Adobe Partners With NFT Marketplaces to Preserve Digital Art Authenticity
Adobe has partnered with mainstream non-fungible token (NFT) marketplace Rarible and a handful of other popular NFT marketplaces to do its bit for artists and improve the authenticity of digital art created using Adobe’s Creative Cloud (CC) suite, which includes Photoshop and Stock. Adobe users can link their accounts with their social media profiles or crypto wallets. If they then sell their art as NFTs, the marketplaces will be able to show a digital certificate based on the Adobe-verified credentials. These verified credentials will also be linked on Adobe’s online portfolio portal — Behance.
Adobe likes to call this feature ‘Content Credentials’ which will essentially capture identity data as an image is edited on the Creative Cloud software and store it as metadata. The feature is optional, and the company has launched a website where the credential metadata of images can be verified. The entire process has been created and streamlined “to combat misinformation with the attribution and verifiable veracity of the content.” The feature is first rolling out to Photoshop users in beta mode.
Big news! We’ve partnered up with @Adobe and @ContentAuth to enhance attribution of NFTs on Rarible. ???? Now collectors can see if the wallet used to design an NFT was the same one used to mint it as part of the Content Authenticity Initiative (#CAI) – https://t.co/EnWOAilv5g
— Rarible (@rarible) October 26, 2021
Two years ago, Adobe co-founded the Content Authenticity Initiative (CAI) to combat visual misinformation and protect creators through digital provenance. Rarible and a few other NFT marketplaces like KnownOrigin, OpenSea, and SuperRare join the CAI to help feature the publicly visible Content Credentials metadata. Over the past couple of years, the Content Authenticity Initiative has gathered over 375 members, the likes of which include BBC, Getty Images, Microsoft, Nikon and many others.

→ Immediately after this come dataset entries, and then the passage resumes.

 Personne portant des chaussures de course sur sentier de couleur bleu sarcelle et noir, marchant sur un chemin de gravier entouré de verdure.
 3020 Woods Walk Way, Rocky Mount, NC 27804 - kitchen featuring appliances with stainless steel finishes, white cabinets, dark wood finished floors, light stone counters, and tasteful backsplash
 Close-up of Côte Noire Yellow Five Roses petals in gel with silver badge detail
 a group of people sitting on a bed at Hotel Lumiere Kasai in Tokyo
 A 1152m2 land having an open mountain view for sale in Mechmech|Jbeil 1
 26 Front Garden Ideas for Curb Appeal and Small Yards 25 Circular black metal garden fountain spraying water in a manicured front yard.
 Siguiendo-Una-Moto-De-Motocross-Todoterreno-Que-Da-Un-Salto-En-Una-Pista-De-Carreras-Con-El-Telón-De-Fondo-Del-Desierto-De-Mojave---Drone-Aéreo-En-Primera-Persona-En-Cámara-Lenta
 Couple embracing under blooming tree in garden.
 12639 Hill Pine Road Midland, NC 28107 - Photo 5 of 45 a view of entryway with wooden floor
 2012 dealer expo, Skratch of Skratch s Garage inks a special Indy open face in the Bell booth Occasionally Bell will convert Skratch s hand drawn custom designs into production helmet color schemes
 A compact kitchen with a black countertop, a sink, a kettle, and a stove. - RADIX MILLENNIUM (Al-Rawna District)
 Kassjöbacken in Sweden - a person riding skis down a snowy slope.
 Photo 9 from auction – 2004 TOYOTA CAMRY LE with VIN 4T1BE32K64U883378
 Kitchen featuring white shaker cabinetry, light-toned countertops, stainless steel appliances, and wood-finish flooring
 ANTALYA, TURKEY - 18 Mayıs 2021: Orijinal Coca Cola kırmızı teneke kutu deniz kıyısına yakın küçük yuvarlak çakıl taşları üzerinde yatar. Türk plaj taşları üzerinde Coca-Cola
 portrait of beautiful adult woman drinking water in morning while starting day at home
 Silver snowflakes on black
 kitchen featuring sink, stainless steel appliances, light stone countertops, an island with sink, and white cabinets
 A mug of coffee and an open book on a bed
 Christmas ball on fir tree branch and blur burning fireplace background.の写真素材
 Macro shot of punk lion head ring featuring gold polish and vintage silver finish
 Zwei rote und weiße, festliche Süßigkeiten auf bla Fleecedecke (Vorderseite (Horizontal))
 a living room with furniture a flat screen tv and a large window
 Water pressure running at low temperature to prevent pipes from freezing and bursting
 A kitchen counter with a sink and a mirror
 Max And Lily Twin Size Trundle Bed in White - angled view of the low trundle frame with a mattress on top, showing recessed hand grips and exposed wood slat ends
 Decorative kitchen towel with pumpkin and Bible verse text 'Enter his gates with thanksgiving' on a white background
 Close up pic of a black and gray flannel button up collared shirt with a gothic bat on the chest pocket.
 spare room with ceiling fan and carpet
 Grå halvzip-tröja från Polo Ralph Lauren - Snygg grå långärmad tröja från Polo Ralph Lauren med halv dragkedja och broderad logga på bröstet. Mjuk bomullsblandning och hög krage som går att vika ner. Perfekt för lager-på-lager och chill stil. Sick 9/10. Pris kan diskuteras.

Through Content Credentials and the CAI, NFT creators will also have the option of hosting their work under a pseudonym, choosing to display cryptographic addresses linked to their online identity or to real social media profiles.
Will Allen, Adobe’s vice president who’s in charge of Behance, noted that Adobe isn’t interested in creating its own NFT marketplace. “We’re really just focussed on enabling these creators to showcase their work. That’s the key focus of what I think we can do particularly well as allow them to showcase their work and then make these transactions wherever they want to be.”